## TASK
What is needed is a word-for-word copy of the lines below from the one with "Фото Amrita кокосове" through the one with "Paparazzi Blissed Out", both included, with every picture left out.

== DATA SHOWN

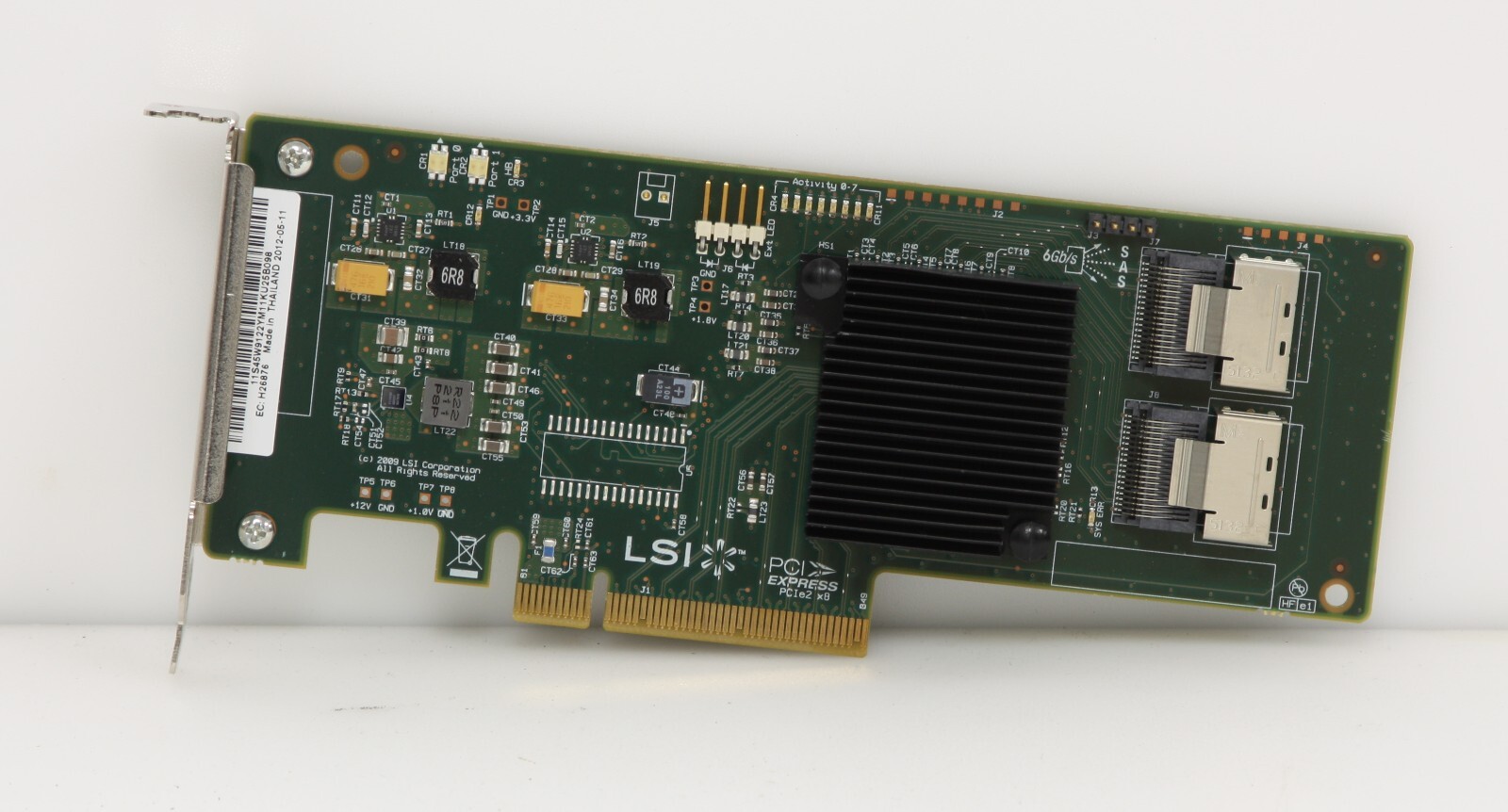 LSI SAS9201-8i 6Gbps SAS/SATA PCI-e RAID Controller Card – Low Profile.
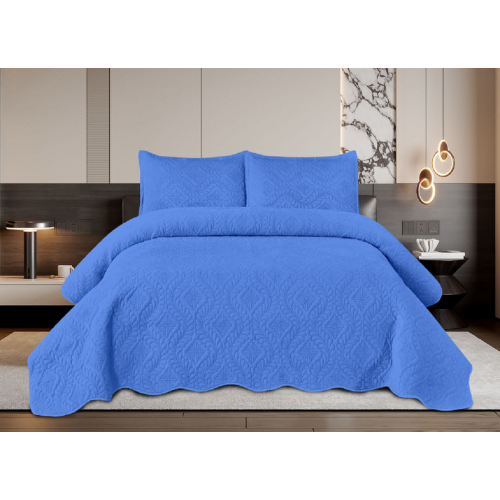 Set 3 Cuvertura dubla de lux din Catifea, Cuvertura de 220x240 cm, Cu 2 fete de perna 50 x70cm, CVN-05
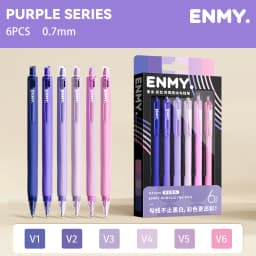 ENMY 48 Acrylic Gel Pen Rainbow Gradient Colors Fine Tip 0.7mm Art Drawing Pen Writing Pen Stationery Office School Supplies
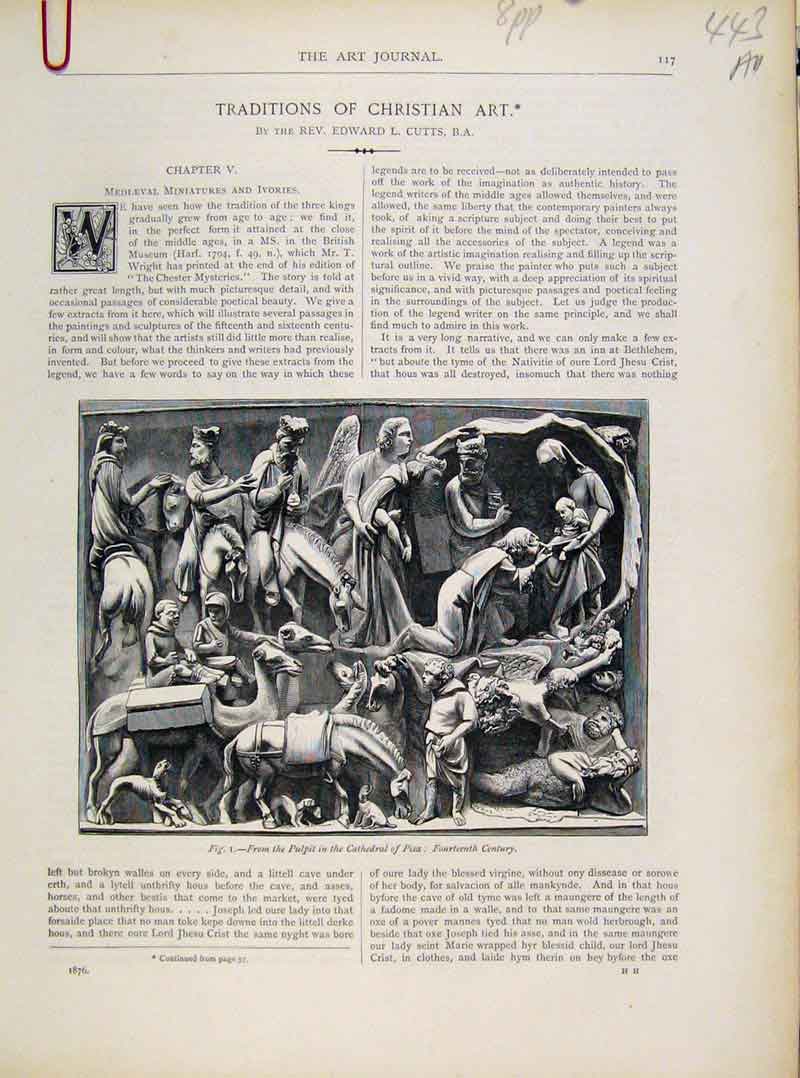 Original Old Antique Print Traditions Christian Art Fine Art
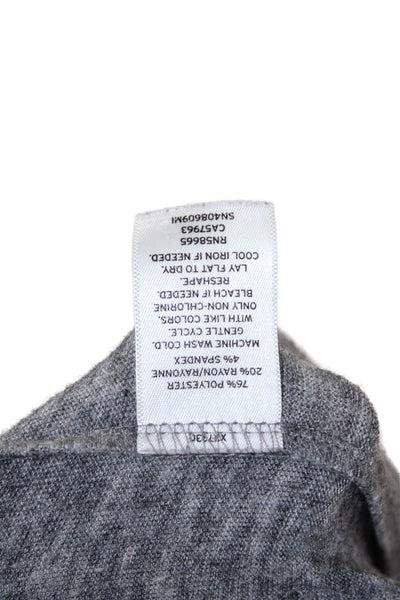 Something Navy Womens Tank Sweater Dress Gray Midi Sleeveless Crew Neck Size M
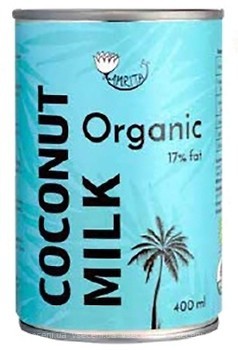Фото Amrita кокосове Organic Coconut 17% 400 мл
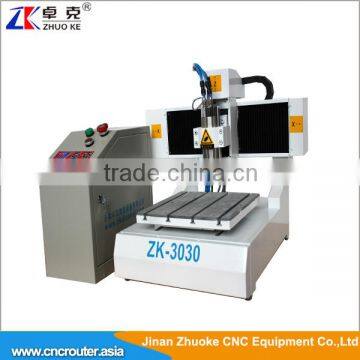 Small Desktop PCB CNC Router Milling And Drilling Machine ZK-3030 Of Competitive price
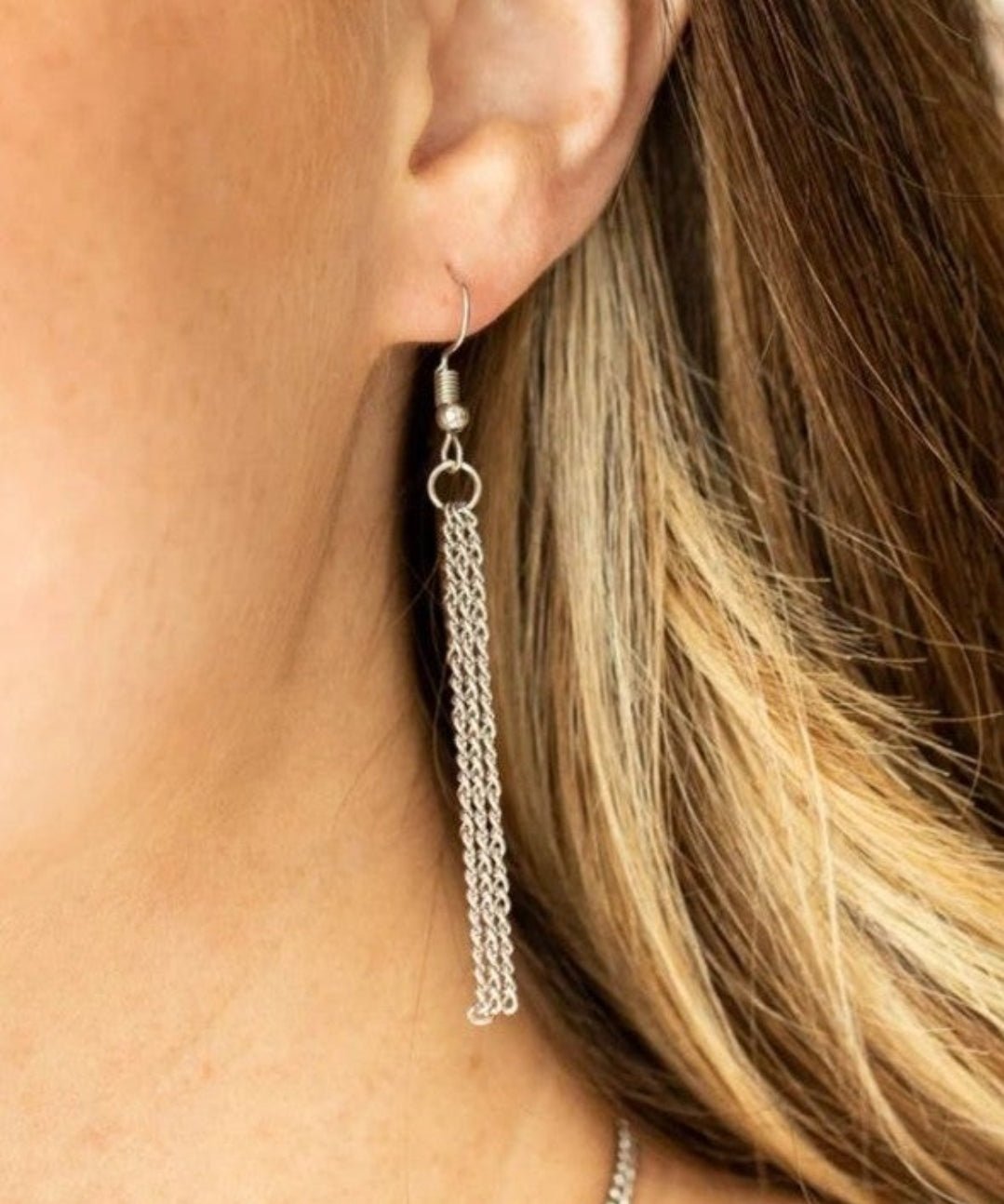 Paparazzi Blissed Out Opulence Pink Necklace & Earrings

====
== DATA SHOWN

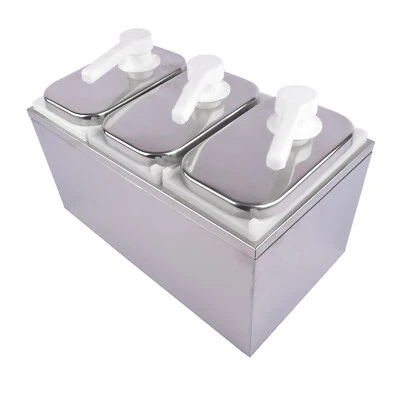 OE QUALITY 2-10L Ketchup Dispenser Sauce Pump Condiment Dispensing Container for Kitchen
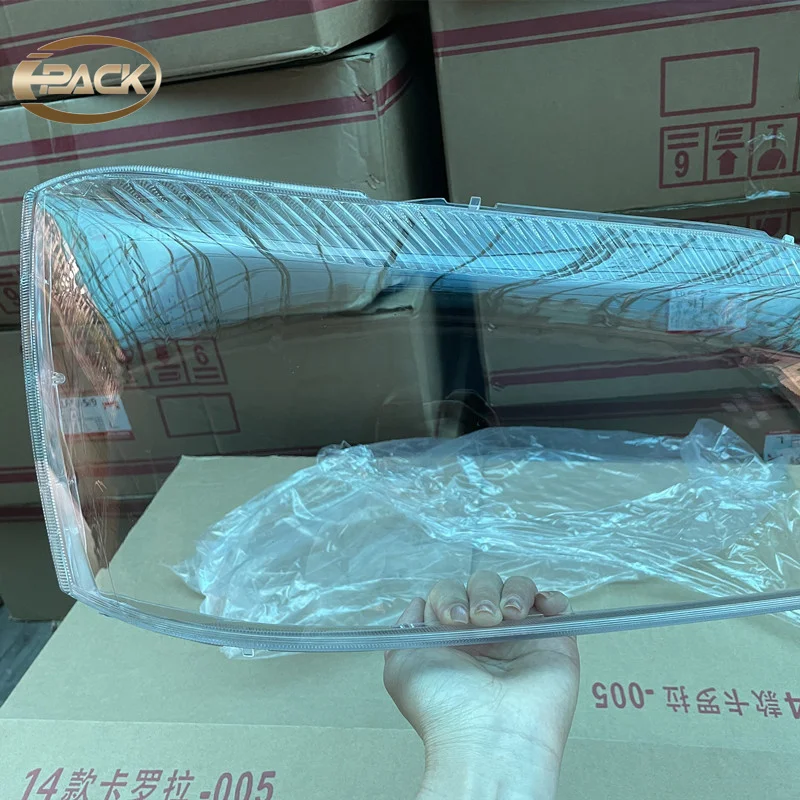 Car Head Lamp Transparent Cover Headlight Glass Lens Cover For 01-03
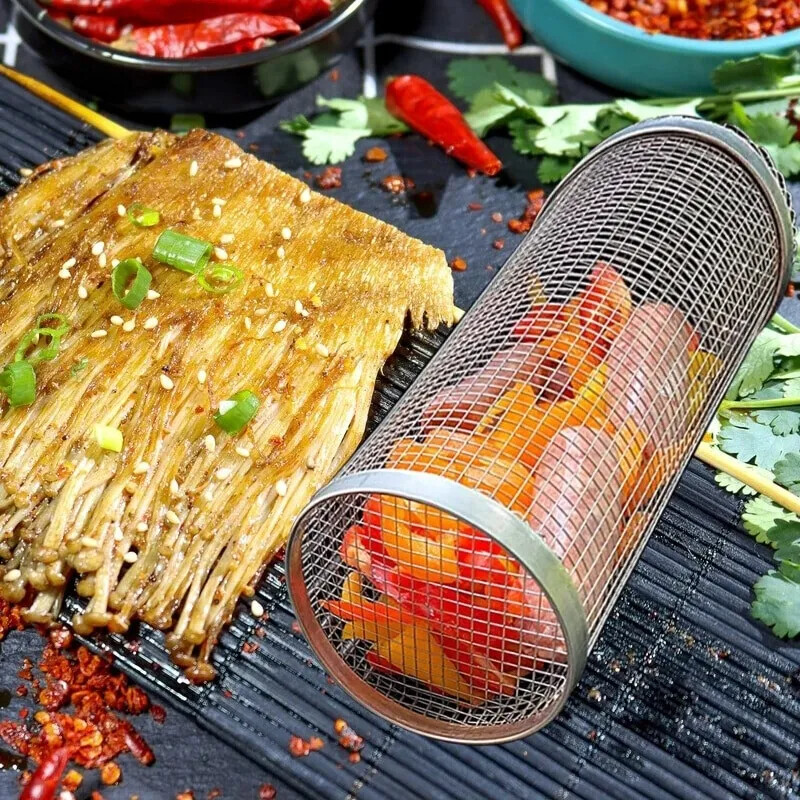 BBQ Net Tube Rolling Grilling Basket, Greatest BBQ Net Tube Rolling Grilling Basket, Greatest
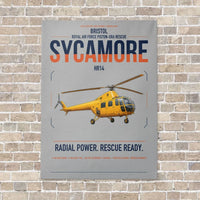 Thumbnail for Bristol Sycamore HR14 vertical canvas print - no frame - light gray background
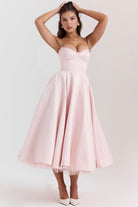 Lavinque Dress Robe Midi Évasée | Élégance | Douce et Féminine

====

## SOLUTION FOR THIS PROBLEM
Фото Amrita кокосове Organic Coconut 17% 400 мл
 Small Desktop PCB CNC Router Milling And Drilling Machine ZK-3030 Of Competitive price
 Paparazzi Blissed Out Opulence Pink Necklace & Earrings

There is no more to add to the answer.